I never used the word "self"... and there's no reason for you to use that as short-hand.You are wrong in point #2, as I've already explained. You believe that men make choices that have no cause. You claim "self" as cause, but that is no answer.
I said in the L.F. W. schema the agent (that would be the person or the actor) are themselves the "cause".
They cause it, they "choose" it. They are endowed by God with the power of self-determination and the capacity to distinguish and choose between one or more options.
There's nothing wrong with that.
The agents themselves are the causal factor....thus, there is a cause.
That's an answer and a perfectly valid one whether you like it or not....and it's perfectly sufficient.
What you want is to demand necessity from mere causation....that doesn't happen, we don't assume it, and you can't demonstrate it. There are perfectly decent ways to argue your Philosophy, but this angle simply doesn't work.

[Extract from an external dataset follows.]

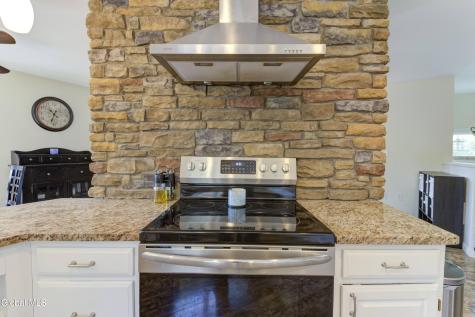 342 Closson Road Glenville NY 12302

You are perfectly free to argue that we aren't endowed with "Libertarian" free wills, or that our wills are "bound" in such a way that our choices are necessitated by our natures..................
(that's what Calvinism argues B.T.W.)
But we are still the "causes".
What you can't do is simply smuggle necessity into causality like you do..............and if Frame does it, than his arguments are as pathetic as they seem.
That's nonsense.
I don't think you understand the crux of Calvinist Philosophy that well.....because "causality" isn't the issue...it's the necessity of choices being "caused" by the agents in accord with nature....
Well....I'm not going to help you out any further here:
Your own crowd should straighten you out on these distinctions.............................
John Frame's argument if he made it.....is preposterously stupid...
Like seriously stupid.
If you disagree, please state in your own words why I'm wrong.